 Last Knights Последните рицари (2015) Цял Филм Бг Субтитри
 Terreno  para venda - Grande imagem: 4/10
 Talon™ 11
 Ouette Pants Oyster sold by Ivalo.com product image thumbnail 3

> Goal of the exercise:
Reprint the whole listing above exactly.

> Written answer:
 Last Knights Последните рицари (2015) Цял Филм Бг Субтитри
 Terreno  para venda - Grande imagem: 4/10
 Talon™ 11
 Ouette Pants Oyster sold by Ivalo.com product image thumbnail 3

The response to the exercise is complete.